- [What the task requires]: Pictures excluded, reproduce exactly the lines below from the one with "535 Emily Low" through the one with "Pearl online show from 02.23.25", both included.

[[ Provided data open ]]

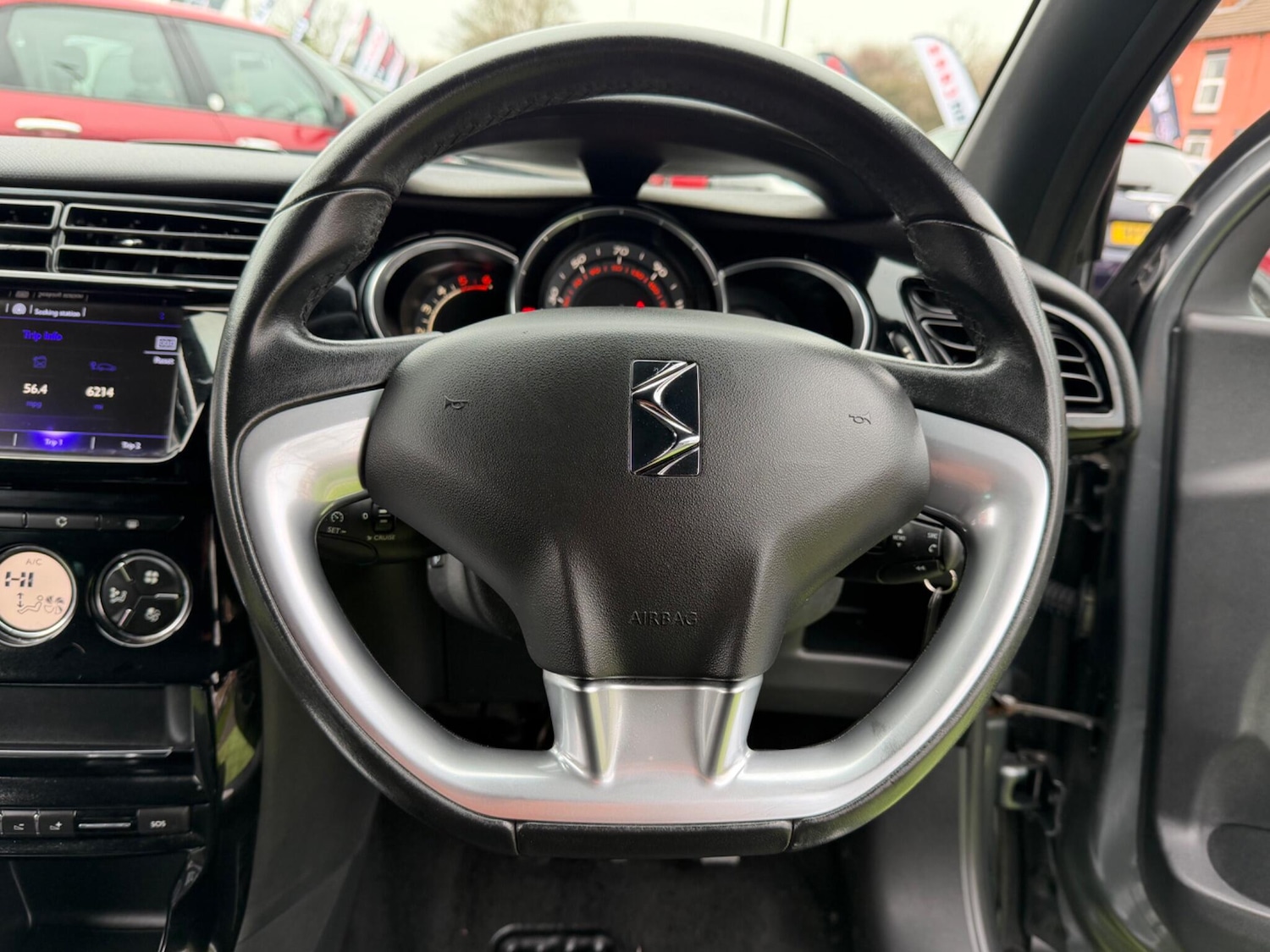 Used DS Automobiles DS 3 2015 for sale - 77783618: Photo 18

[[ Provided data closed ]]
[[ Provided data open ]]

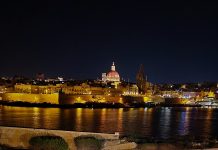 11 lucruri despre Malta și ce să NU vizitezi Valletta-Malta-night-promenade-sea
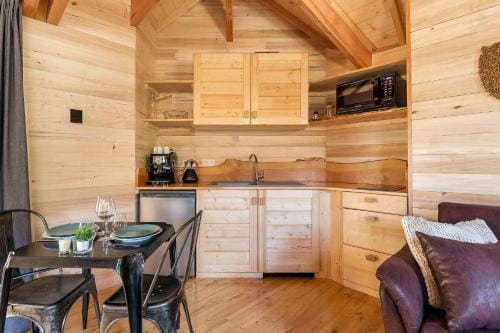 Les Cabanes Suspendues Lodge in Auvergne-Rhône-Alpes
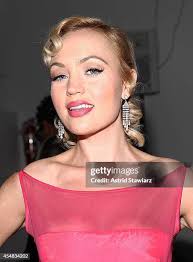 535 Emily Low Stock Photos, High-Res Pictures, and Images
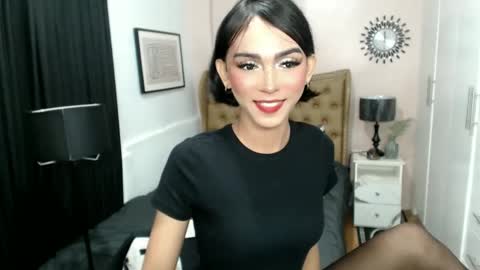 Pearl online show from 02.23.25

[[ Provided data closed ]]

- [Reply to the exercise]:
 535 Emily Low Stock Photos, High-Res Pictures, and Images
 Pearl online show from 02.23.25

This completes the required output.